And when the chaebols' darker sides have been exposed in huge bribery and corruption scandals, the men at the top have been forgiven with impressive speed.
Corruption is an acknowledged part of business life. This is a country where the size of bribes paid by one conglomerate to a political party in 2005 created the popular term “cash trucking”.
Prison sentences for chaebol chieftains have been light and the convicted chairmen have casually made the return journey from jail cell to boardroom.
All of which made yesterday's resignation of Lee Kun Hee the biggest corporate shock that South Korea can remember. Some called it tantamount to an abdication.
Mr Lee has been in trouble with the law before. In the 1990s, he was found guilty of bribing two South Korean presidents, although he was pardoned by a third.
Yet even to a public hardened to this sort of thing, the suddenness of his departure is a shock.
Mr Lee is one of the country's richest men and there are plenty who believe him more influential in South Korea than the President.
He is also responsible for putting Samsung on the world map, for which Koreans adore him.
When he took over at Samsung 21 years ago, the Olympic Games were being held the following year in Seoul.
The country was developing but had only just emerged from a transition between military dictatorship and democracy and its companies were almost unknown.
That Samsung is now one of the world's biggest makers of mobile phones and its electronics outsell those of Japanese rivals have given both Samsung and Mr Lee a status that transcends even the generous public view taken of most chaebol.
The second aspect that makes the resignation extraordinary is that this was no underhanded attack by foreign regulators or jealous corporate rivals in Japan, China or the United States.
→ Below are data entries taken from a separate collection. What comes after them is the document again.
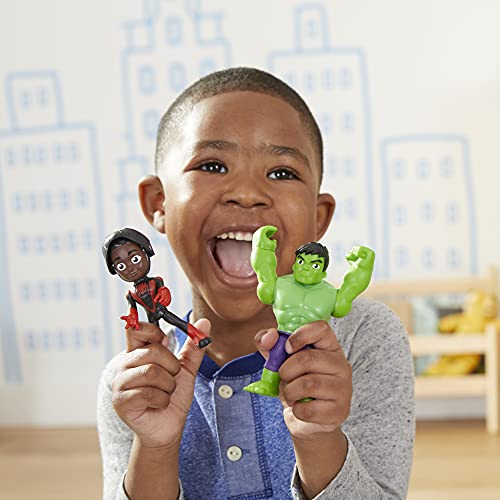 Spidey and his Amazing Friends Marvel Hero Reveal Multipack with Mask-Flip Feature, 4-Inch Action Figure Toys, Kids 3+ ( Exclusive)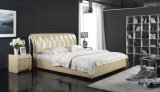 Bedroom Furniture/Leather Bed (6021)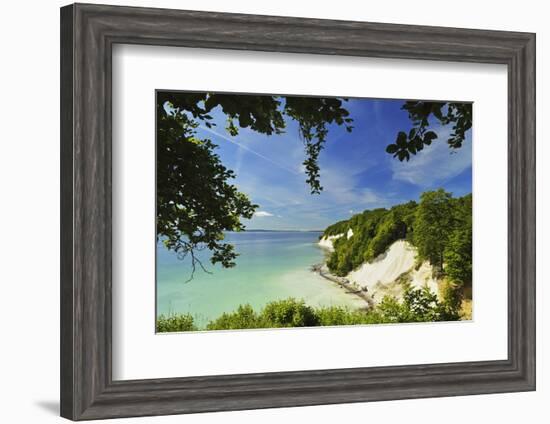 Chalk Cliffs, Jasmund National Park, Ruegen Island, Mecklenburg-Vorpommern, Germany, Europe-Jochen Schlenker-Framed Photographic Print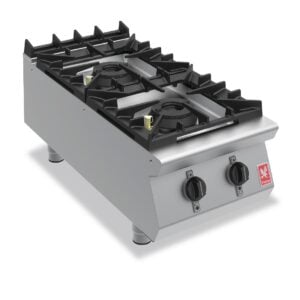 Falcon F900 Two Burner Countertop Boiling Hob Natural Gas G9042 GR400-N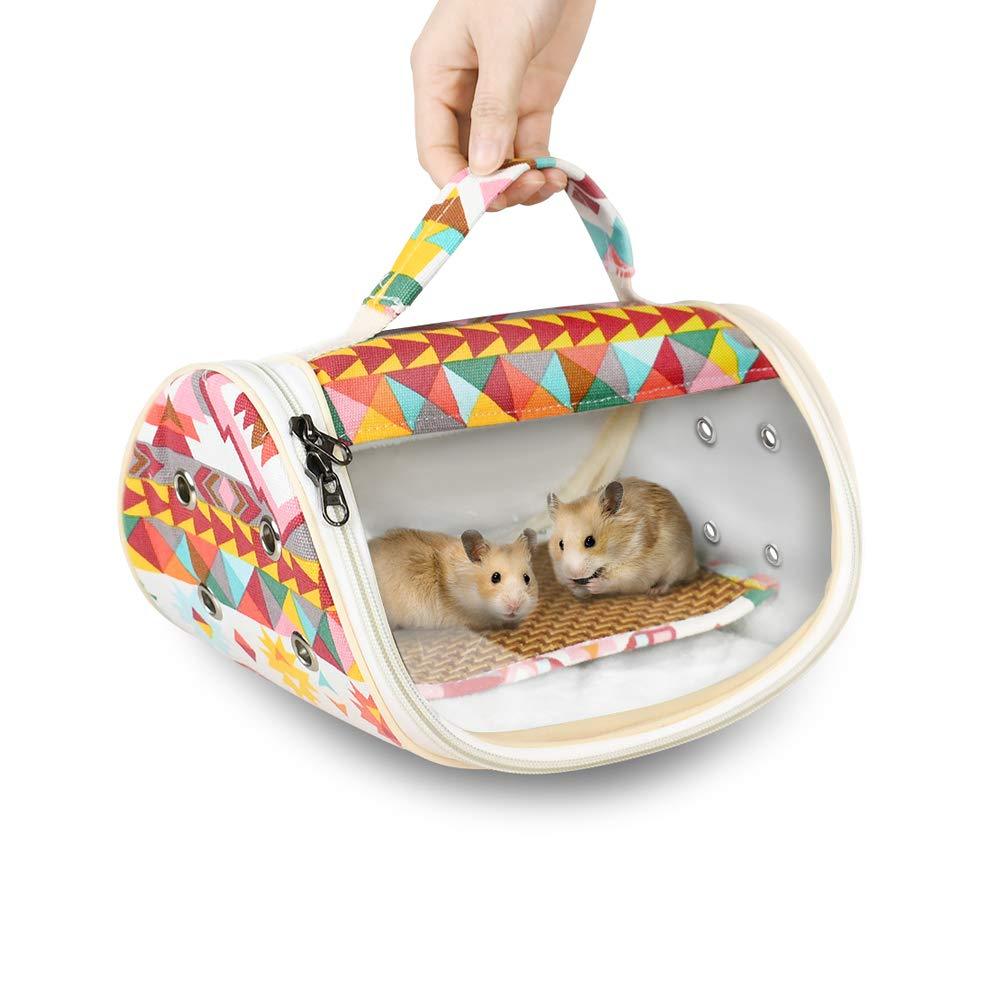 ASOCEA Hamster Carrier Bag Portable Small Animals Outgoing Travel Bag for Guinea Pig Hedgehog Bird Squirrel Chinchilla and Other Similar Sized Pet - PawsPlanet Australia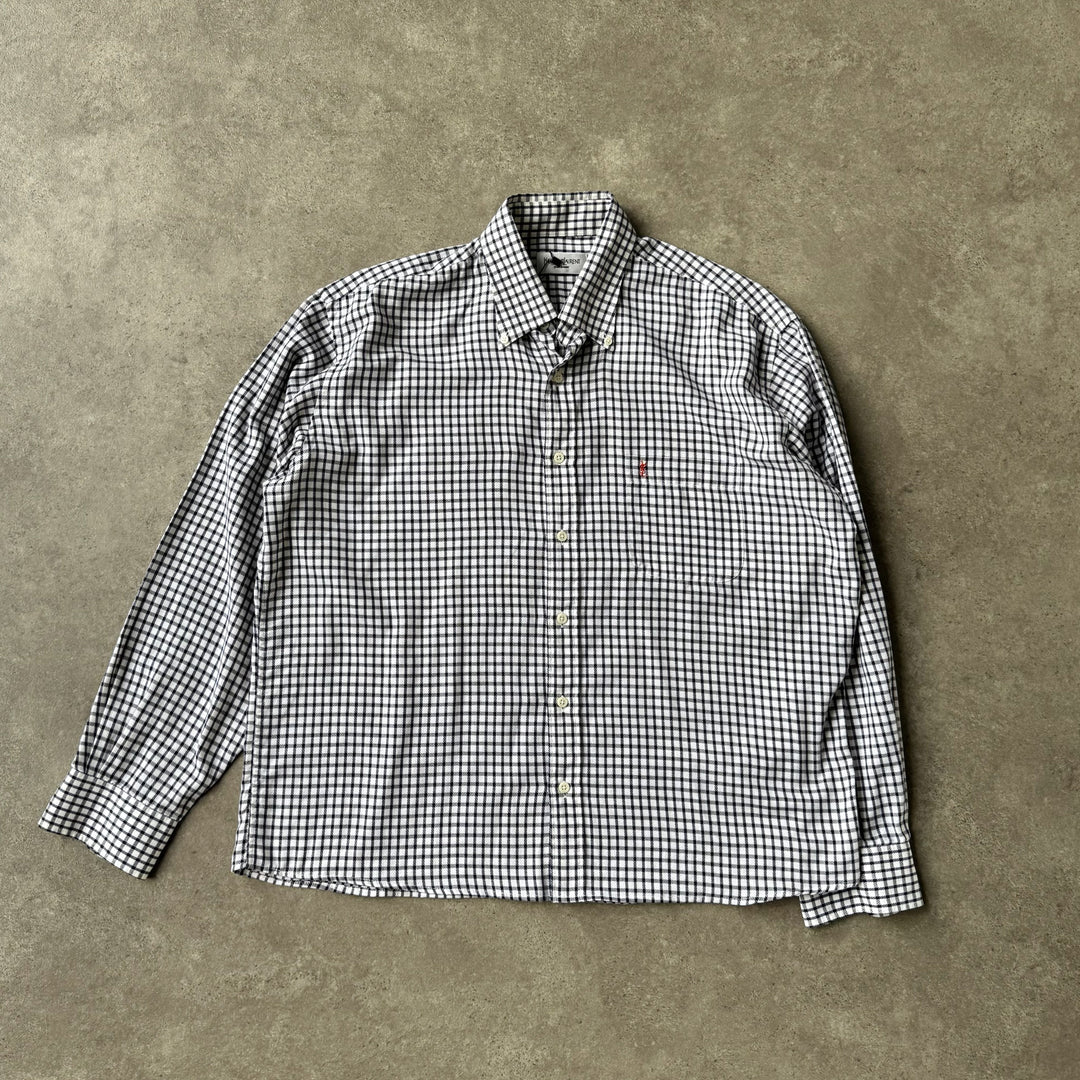 Yves Saint Laurent Shirt Black & White Men's L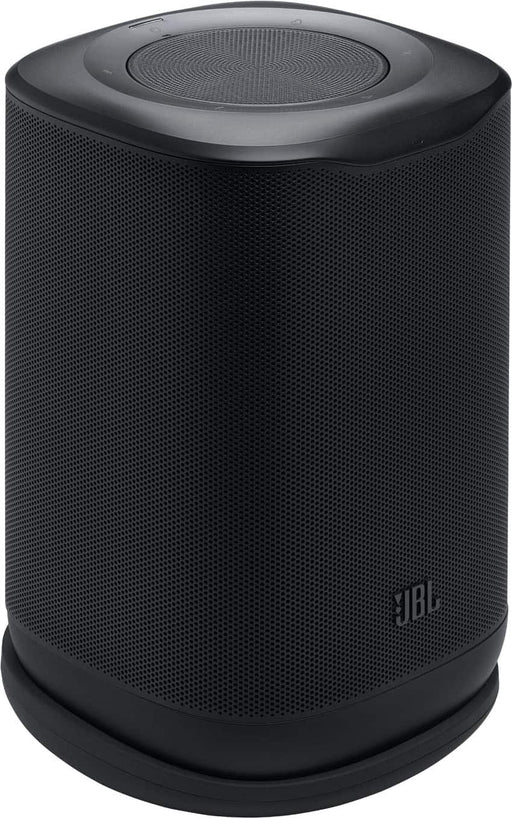 JBL - Portable Wi-Fi home speaker with Dolby Atmos and easy whole-home listening - Black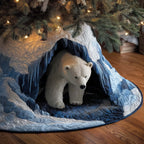 Polar Cave Christmas Tree Skirt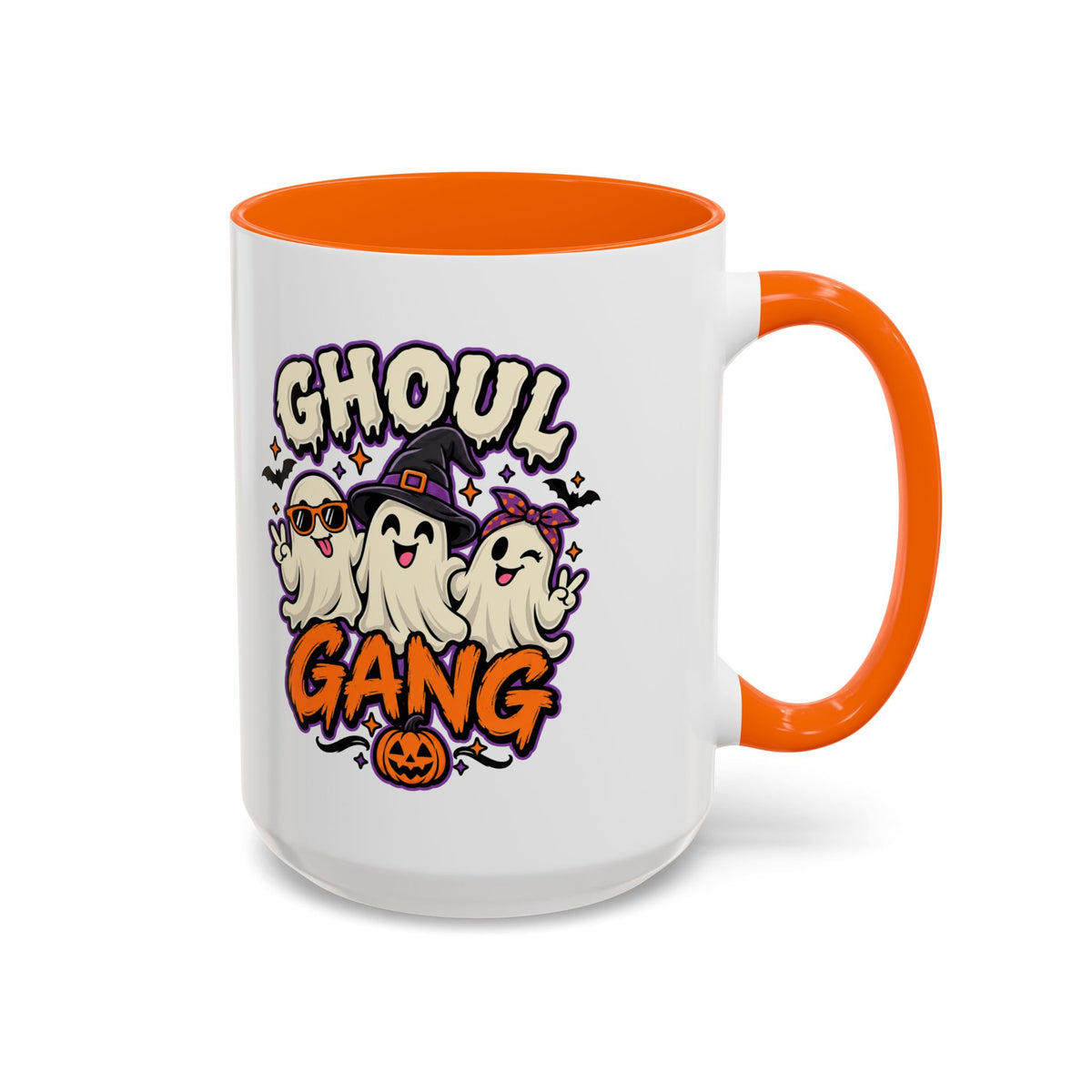 Ghoul Gang Coffee Mug — Cute Halloween Ghosts Accent Mug (11/15oz)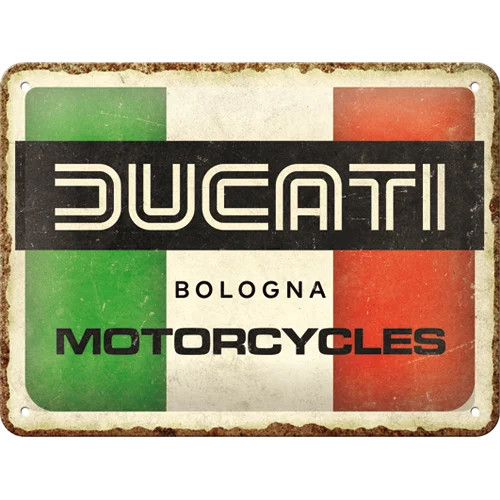 RETRO Ducati – Italy Giugiaro Logo – Fémtábla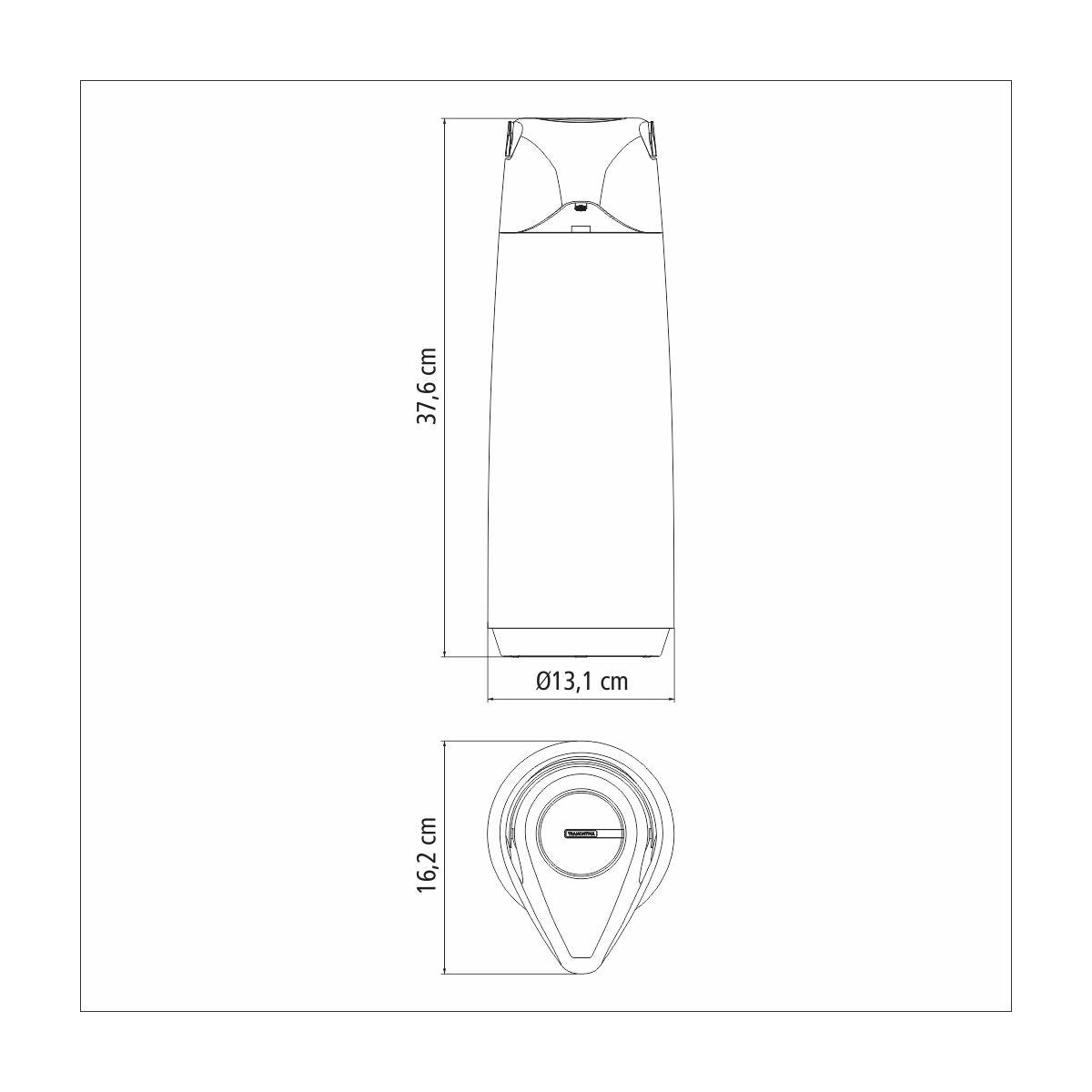 TERMO CON SIFÓN 1.8L. - ROJO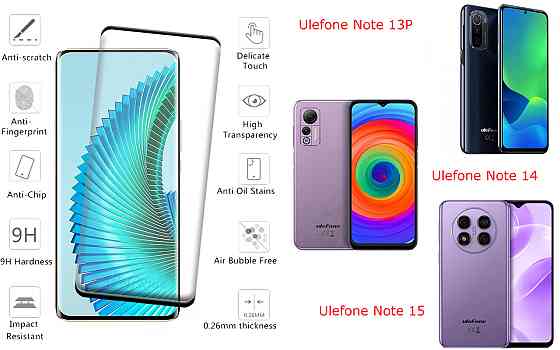 Захисне скло HyperGlass Pro для Ulefone Note 13P, Note 14, Note 15 – максимальна чутливість та захист Київ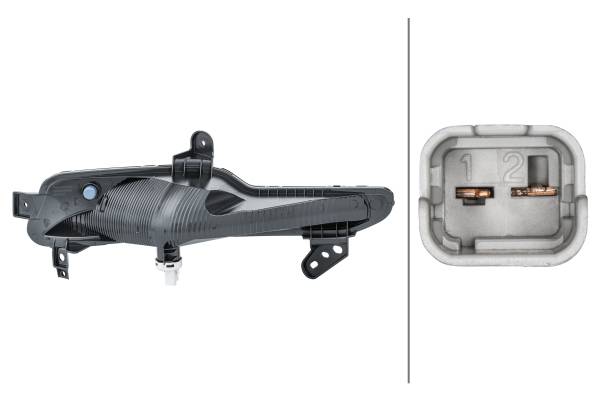 HELLA 2BA 012 349-011 Blinkleuchte - Glühlampe - links - für u.a. Renault Fluence (L3_)
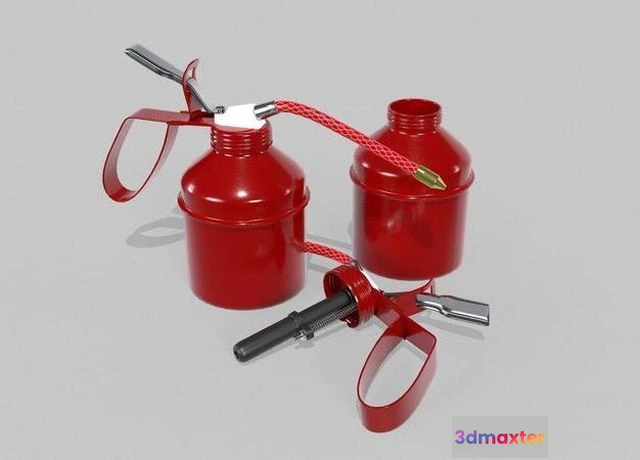 1524398 - PBR Game 3D Models - Small oil can 2A 3D Max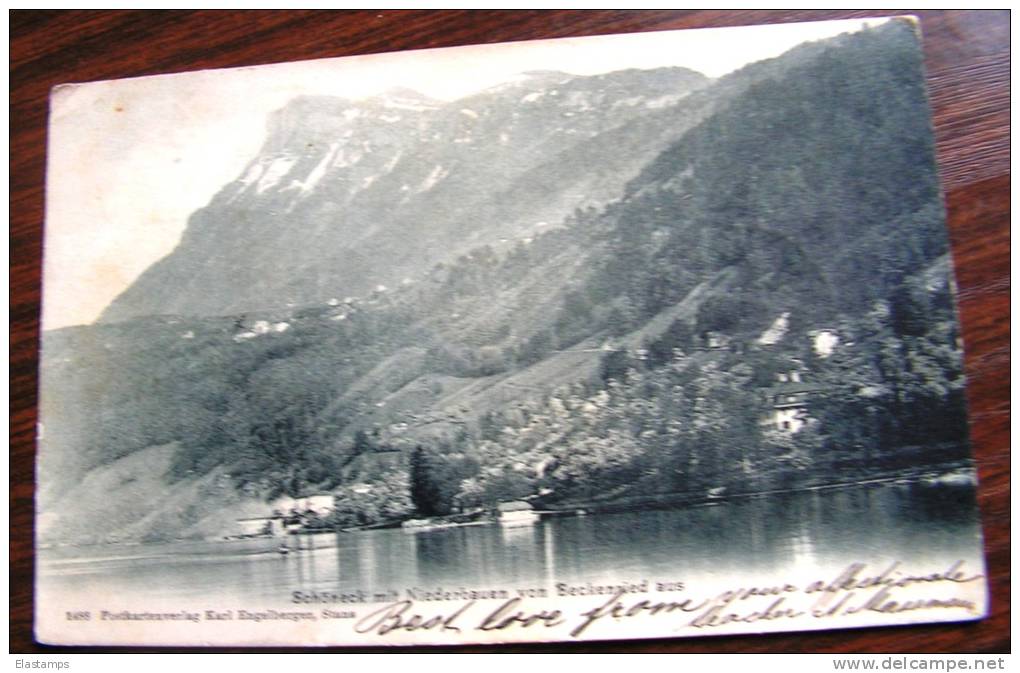 == Schöneck,  Bayern  Beckenried 1906 - Regen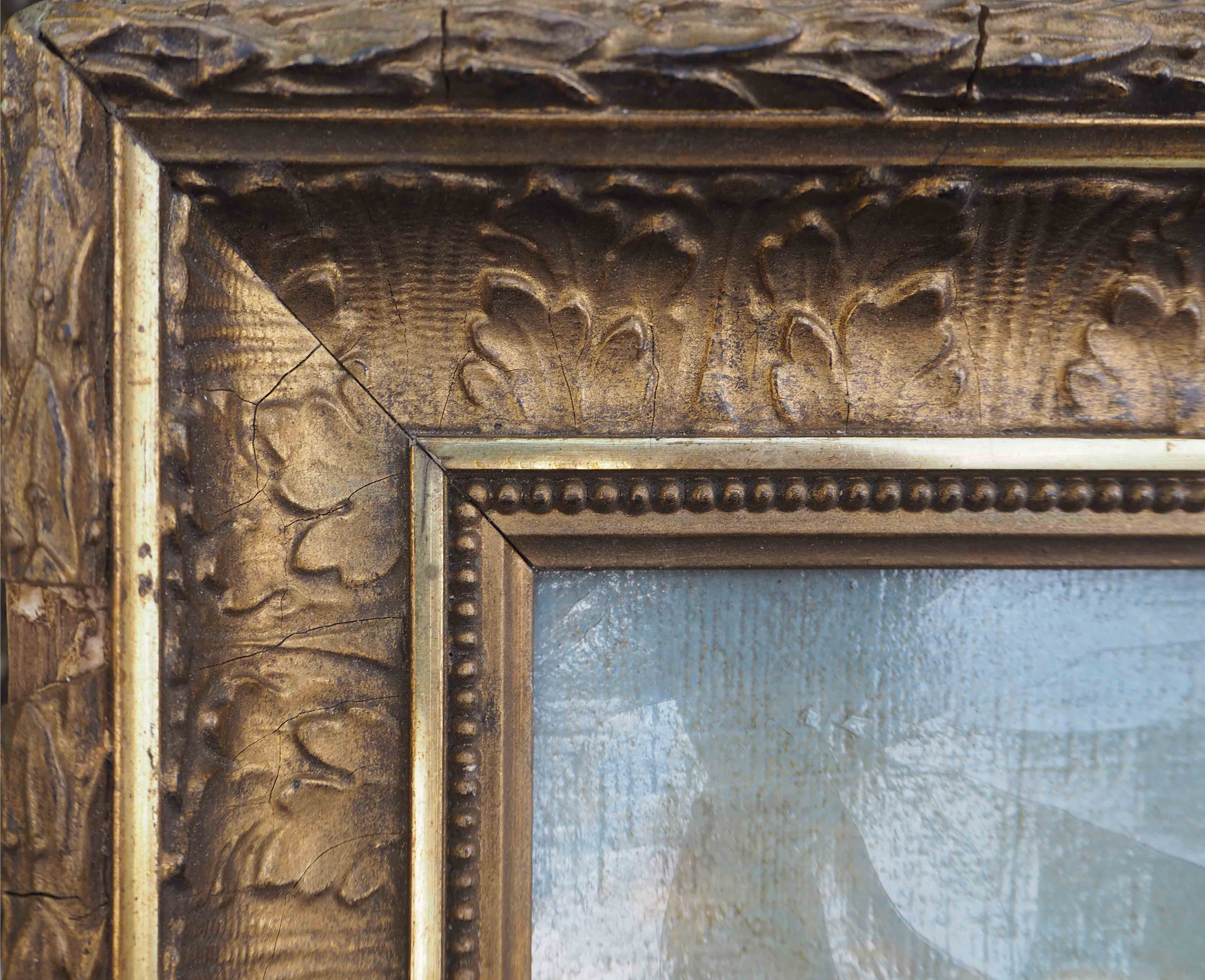 The entrance to the bustling village 19th century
The allegations of a Samsung company lawyer prompted the official investigation and led to Mr Lee's downfall.
Perhaps most shocking of all is that the laying-low of South Korea's most prominent industrial titan has come only two months into Lee Myung Bak's presidency.
He was voted in on the promise of a business-friendly administration.
To a Seoul corporate world that had fondly imagined five years of benign government and generous concessions, this was not the start anyone had expected.